Below are records that hold pictures; write out only the lines from their start through the line with "t refors to the atomic mass of the", exactly, and drop the pictures.

Dataset records:
*** Begin section ***
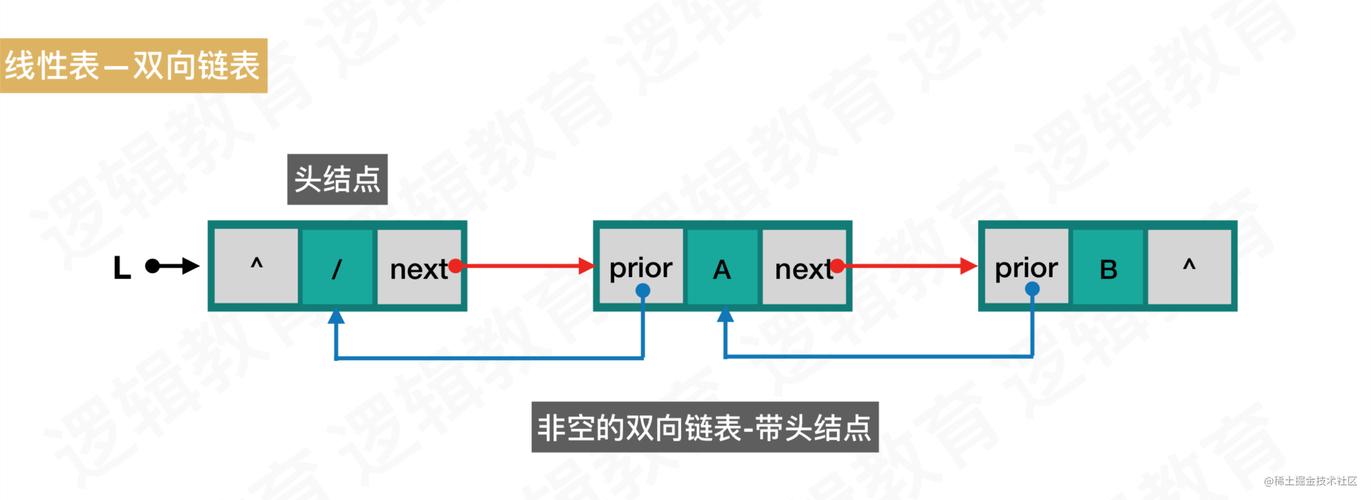 双向带头循环链表的接口函数实现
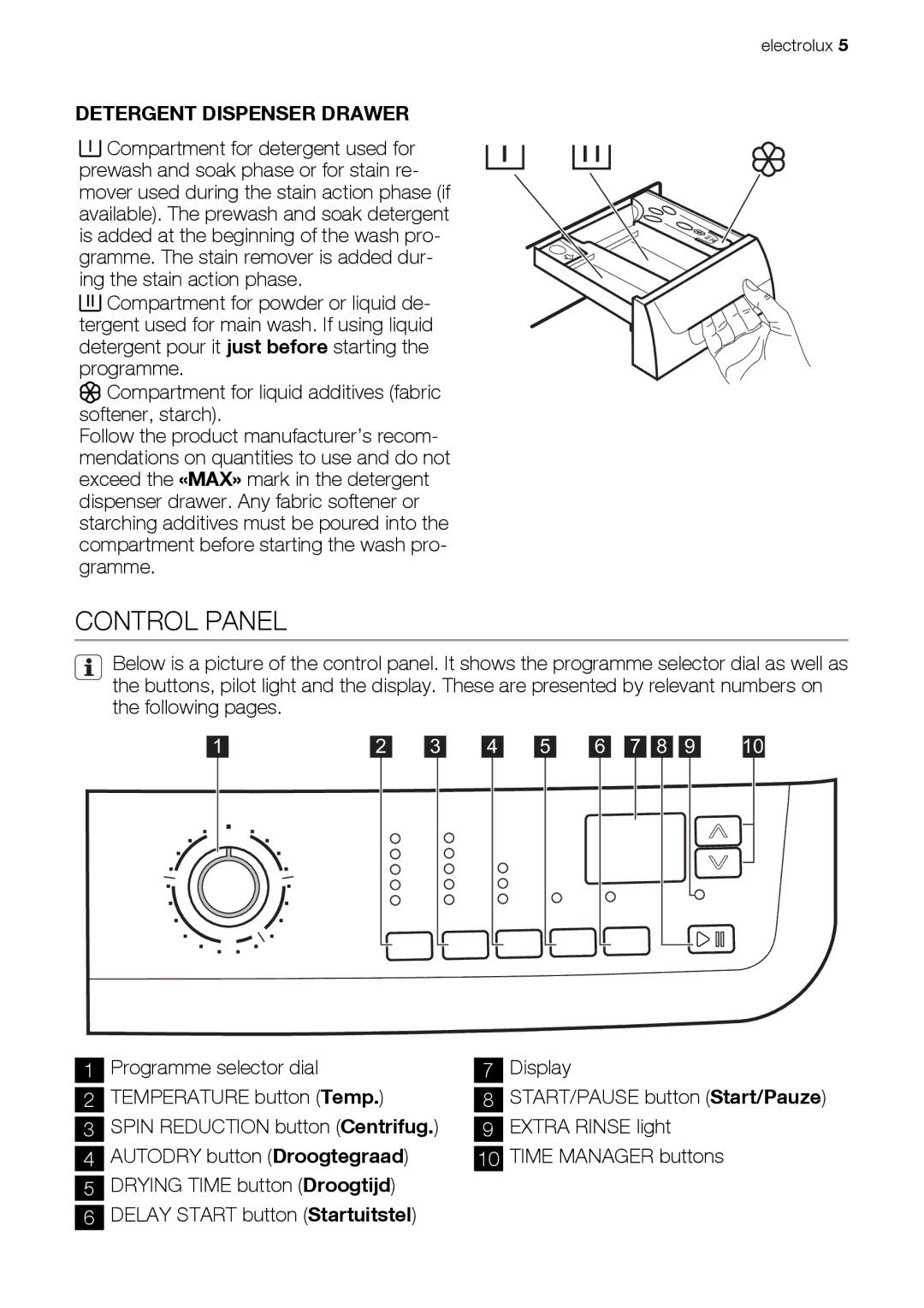 Electrolux EWW 167443 W user manual Control Panel, Detergent Dispenser Drawer 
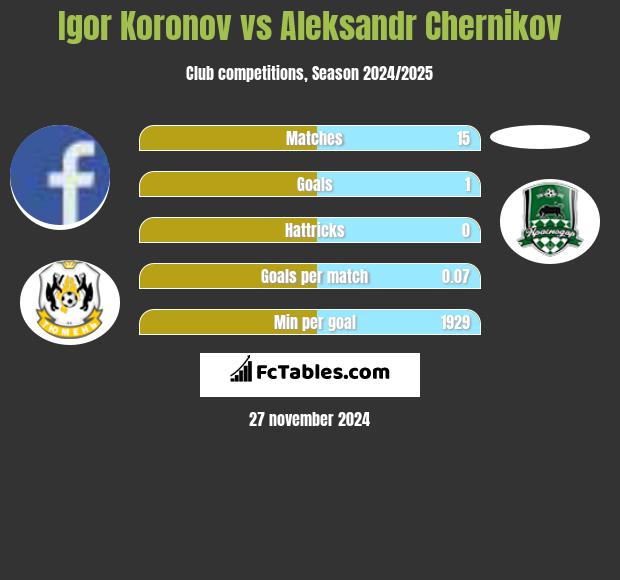 Igor Koronov vs Aleksandr Chernikov h2h player stats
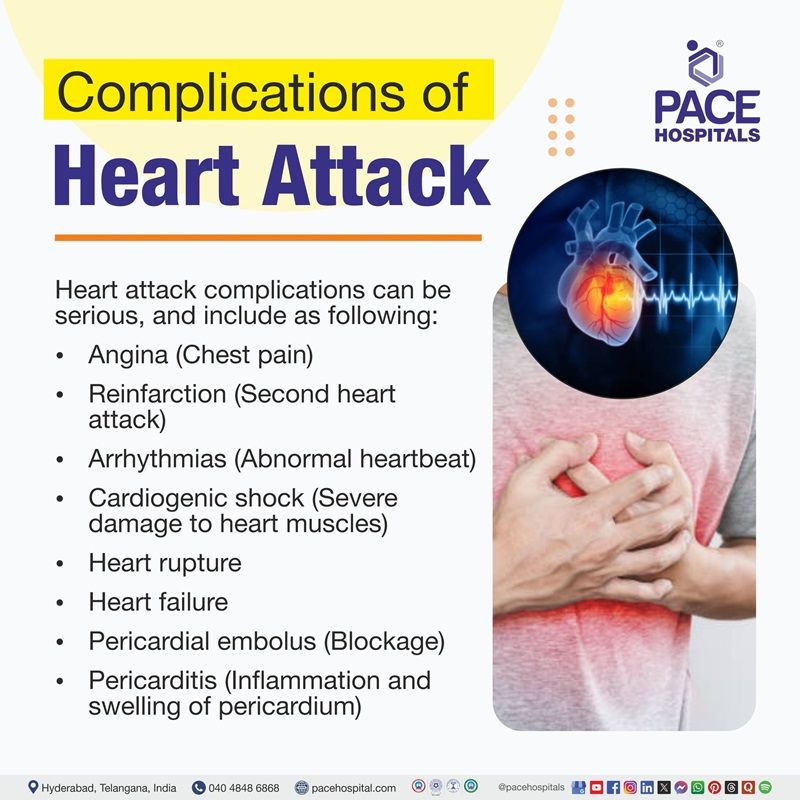 Heart attack complications | complications of myocardial infarction​ | Image showing the complications of Heart attack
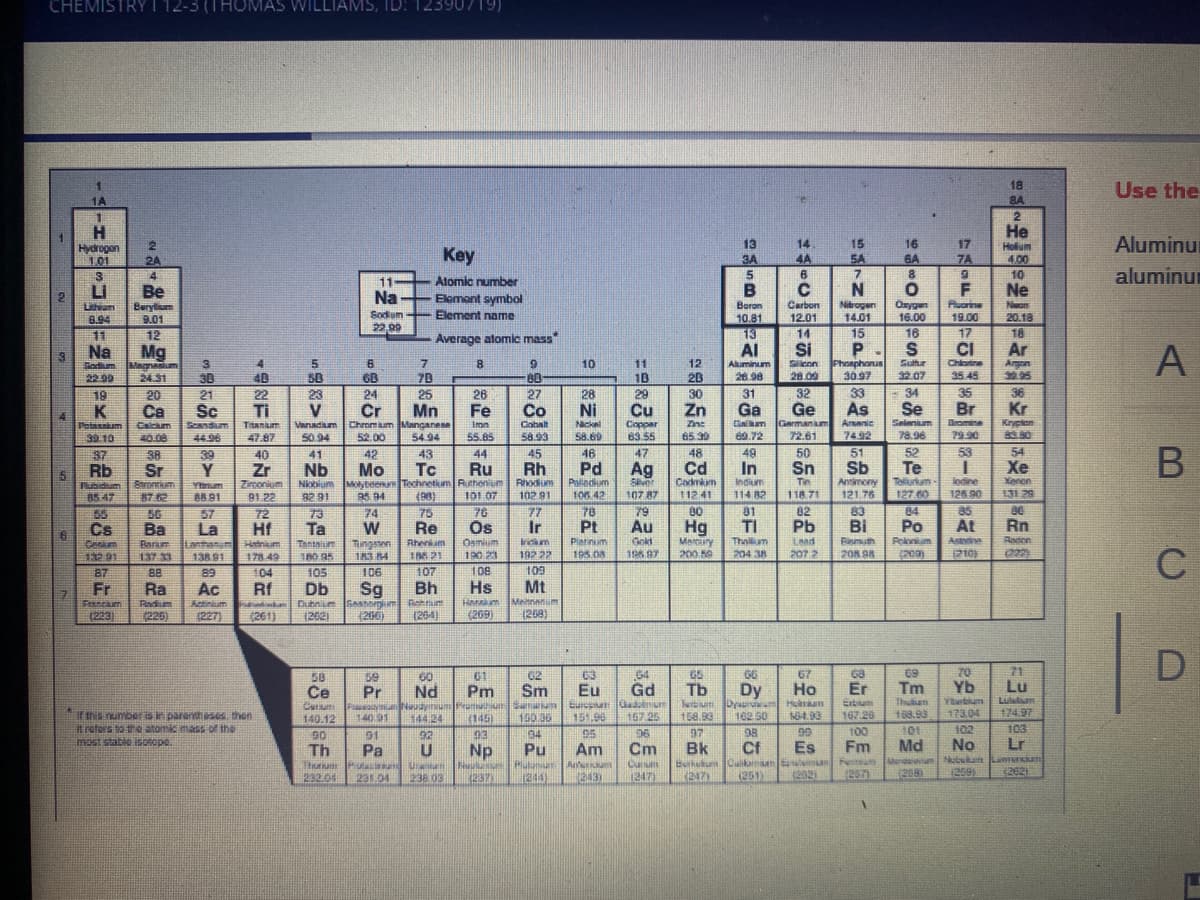 CHEMISTRY
Use the
Aluminu
Key
aluminur
11-
Na -Eemont symbol
Sodium- Element name
Atomic number
22.99
Average atomic mass*
A
anganer
Ir
192 25
105
MI
Db
Sg
Meitnan
(261)
Ce
Sm
Dy
Ho
Pr
*is number ion parantheses, then
t refors to the atomic mass of the
most stable isoope.
150 30
182 50
Th
Pa
Pu
Cf
Es
232.01 231.04
238 03
品 1p32
品 8あa 0
8>
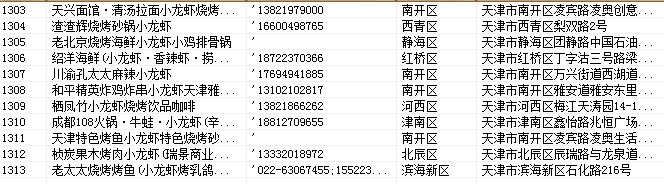 采集地图上商家的信息，可采集到：店铺名、联系方式、地区、地址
*** End section ***
> [Reply]:
 双向带头循环链表的接口函数实现
 Electrolux EWW 167443 W user manual Control Panel, Detergent Dispenser Drawer 
 Igor Koronov vs Aleksandr Chernikov h2h player stats
 Heart attack complications | complications of myocardial infarction​ | Image showing the complications of Heart attack
 CHEMISTRY
Use the
Aluminu
Key
aluminur
11-
Na -Eemont symbol
Sodium- Element name
Atomic number
22.99
Average atomic mass*
A
anganer
Ir
192 25
105
MI
Db
Sg
Meitnan
(261)
Ce
Sm
Dy
Ho
Pr
*is number ion parantheses, then
t refors to the atomic mass of the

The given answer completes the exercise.